On 21 September – two days before the next ‘without fail' launch date of 23 September – Crowhurst and the builders had an angry argument over the phone. Eastwoods told him they were not intending to cover the boat's plywood decks with fibreglass, as the plywood hulls (built by Cox Marine) had been. This fibreglass sheathing of the boat was part of the design's specifications, and essential for preserving the watertightness and structural integrity of the deck. Eastwoods claimed that the delay in determining the rigging plan (John Eastwood had finally drawn up the new plan
himself) had left them no time to glass the decks. They were planning simply to paint the bare plywood now, arguing that since the fibreglass was so thin, good polyurethane paint would do just as well (an incorrect claim and an unprofessional suggestion). Crowhurst was furious, but there was nothing he could do about it now. It was too late in the day.

Over the years, Crowhurst's intelligence, and the force of his personality, had convinced Clare Crowhurst that he could pull off anything he set his mind to – he always had. The idea for his circumnavigation seemed to be going true to form: Donald had decided he was going to do it, and here it was happening, just as he had planned. But that night, after his phone call with Eastwoods, Crowhurst was so upset that Clare pleaded with him to refuse delivery of the boat, to abandon the project. To her surprise, he listened to her seriously. ‘I suppose you're right,' he said, ‘but the whole thing has become too important to me. I've got to go through with it, even if I have to build the boat myself on the way round.'

It was the only time Clare asked him to give up. Taking her husband at his word, she supported him and did all she could to help him. She did not try to dissuade him again.

On 15 September, the
Sunday Times
reported that Chay Blyth had put in to East London and was now out of the race. The article went on to say that the most recent competitor to start out, Commander Bill King, England's submarine ace sailing his race-designed yacht, was the first sailor to overtake one of his rivals, Loïck Fougeron. On the previous Wednesday, King had radioed that he was between the Cape Verde Islands and the west coast of Africa. On the same day, Fougeron had been sighted by a ship 350 miles southwest of the Canary Islands, or 500 miles astern of King. This seemed like an impressive overhaul by the Englishman in his purpose-built schooner after only three weeks at sea. But Fougeron's pace was sedate. King's average of 110 miles per day was still slower than Francis Chichester's
128 miles per day at the beginning of his voyage, the standard against which the Golden Globe racers were continually measured.

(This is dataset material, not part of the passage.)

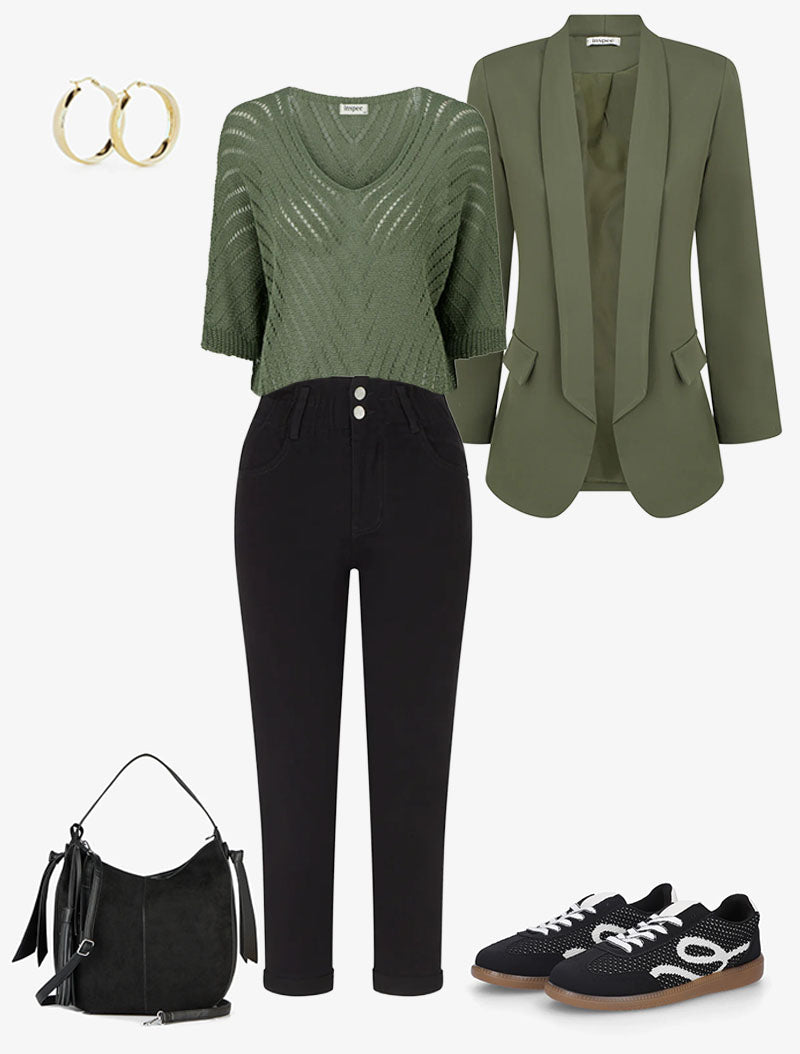 Look Elena — Kaki y Negro: Blazer, Vaqueros y Zapatillas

Moitessier had not been seen since the beginning of September, and his 143 mile per day average was not yet known.

In the same article, the
Sunday Times
took its first serious look at Donald Crowhurst's preparations, reporting on the trimaran's onboard computer and Crowhurst's ‘patented' self-righting device.

The paper also reported that Lieutenant-Commander Nigel Tetley, taking unpaid leave from the Royal Navy, was about to sail from Plymouth in his trimaran.

Tetley sailed the next day, Monday 16 September.
Victress
carried a banner on her cabin side proclaiming the name of Tetley's sponsor, Music for Pleasure, which had sent him off with a boatload of cassette tapes. Brass band music blared from his wheelhouse speaker as he ran down Plymouth Sound. He was surrounded by the usual flotilla of press boats, which managed not to collide with him, perhaps due to his escort of navy launches, including a commander-in-chief's ‘barge' carrying a vice admiral. His wife Eve waved from a nearby boat. Tetley noticed that she was beating time to the music, and as the brass band started a soulful tune, he was overcome with sobs. Later, as he passed Eddystone Lighthouse, when the boats had all turned back, he bolstered his mood with the bagpipe music of the Argyll and Sutherland Highlanders and ate smoked trout for lunch.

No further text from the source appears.